*WHAT THE TASK REQUIRES*: Every line from the one with "By the end of" up to and including the one with "Hello friends, welcome" is to be output exactly as it appears below; pictures are not.

** Opening DATA TO EXAMINE block **

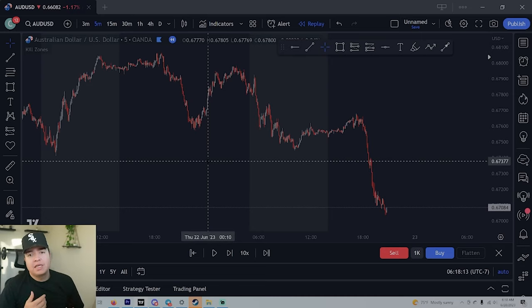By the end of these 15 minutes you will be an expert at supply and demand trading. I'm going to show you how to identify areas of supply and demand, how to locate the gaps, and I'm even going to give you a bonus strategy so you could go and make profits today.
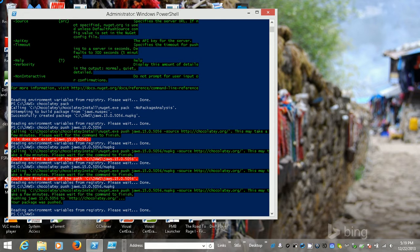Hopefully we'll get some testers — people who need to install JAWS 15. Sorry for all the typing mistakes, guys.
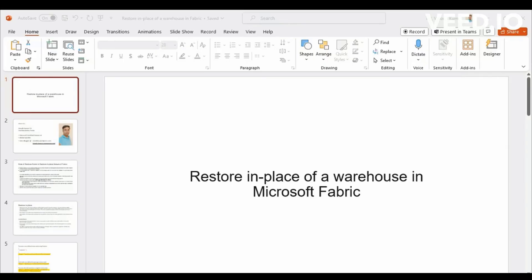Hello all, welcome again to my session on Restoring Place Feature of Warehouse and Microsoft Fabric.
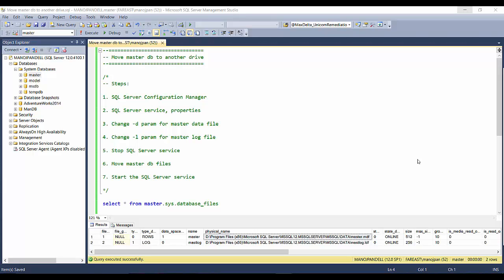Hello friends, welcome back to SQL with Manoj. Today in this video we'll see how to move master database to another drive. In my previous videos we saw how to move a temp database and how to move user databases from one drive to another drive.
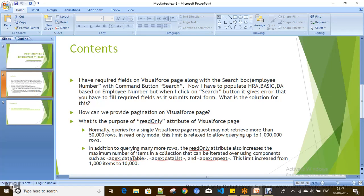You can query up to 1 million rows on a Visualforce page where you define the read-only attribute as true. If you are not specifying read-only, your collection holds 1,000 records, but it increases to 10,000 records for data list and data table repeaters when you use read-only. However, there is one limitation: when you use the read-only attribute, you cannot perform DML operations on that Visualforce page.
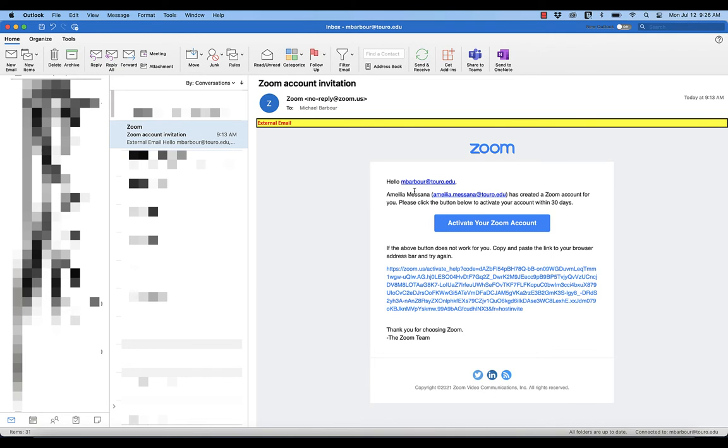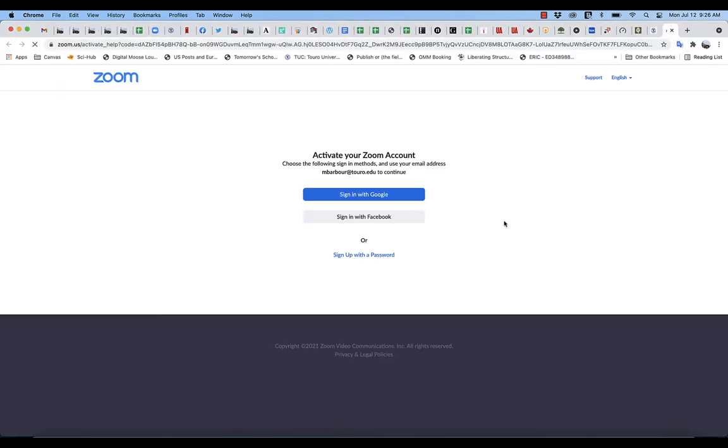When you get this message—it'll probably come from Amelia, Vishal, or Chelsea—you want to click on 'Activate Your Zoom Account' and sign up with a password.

** Closing DATA TO EXAMINE block **
** Opening DATA TO EXAMINE block **

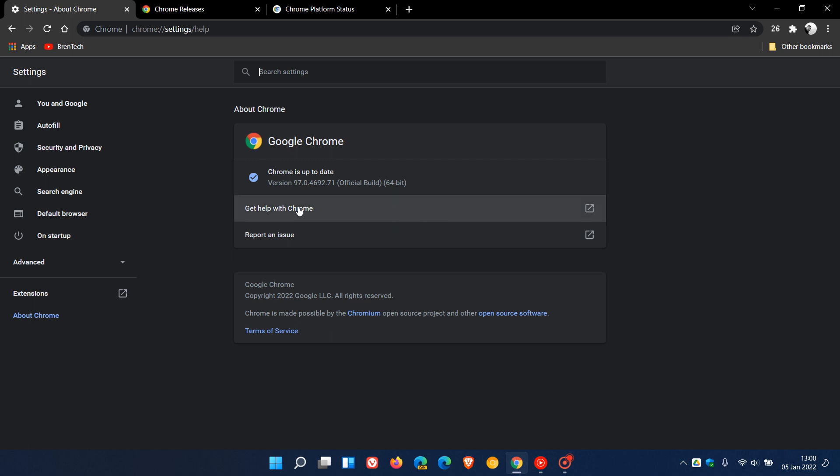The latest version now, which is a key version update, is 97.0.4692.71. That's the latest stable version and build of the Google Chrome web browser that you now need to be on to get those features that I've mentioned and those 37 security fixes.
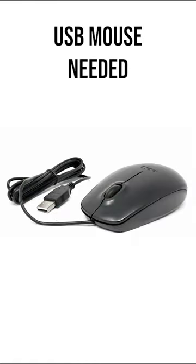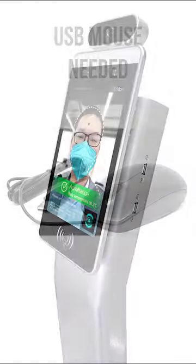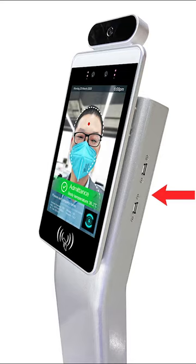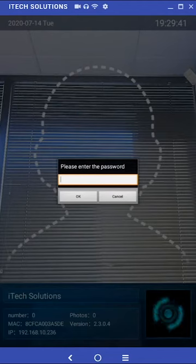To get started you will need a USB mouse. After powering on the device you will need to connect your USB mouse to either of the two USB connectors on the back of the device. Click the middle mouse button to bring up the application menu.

** Closing DATA TO EXAMINE block **

*RESULT BELOW*:
By the end of these 15 minutes you will be an expert at supply and demand trading. I'm going to show you how to identify areas of supply and demand, how to locate the gaps, and I'm even going to give you a bonus strategy so you could go and make profits today.
Hopefully we'll get some testers — people who need to install JAWS 15. Sorry for all the typing mistakes, guys.
Hello all, welcome again to my session on Restoring Place Feature of Warehouse and Microsoft Fabric.
Hello friends, welcome back to SQL with Manoj. Today in this video we'll see how to move master database to another drive. In my previous videos we saw how to move a temp database and how to move user databases from one drive to another drive.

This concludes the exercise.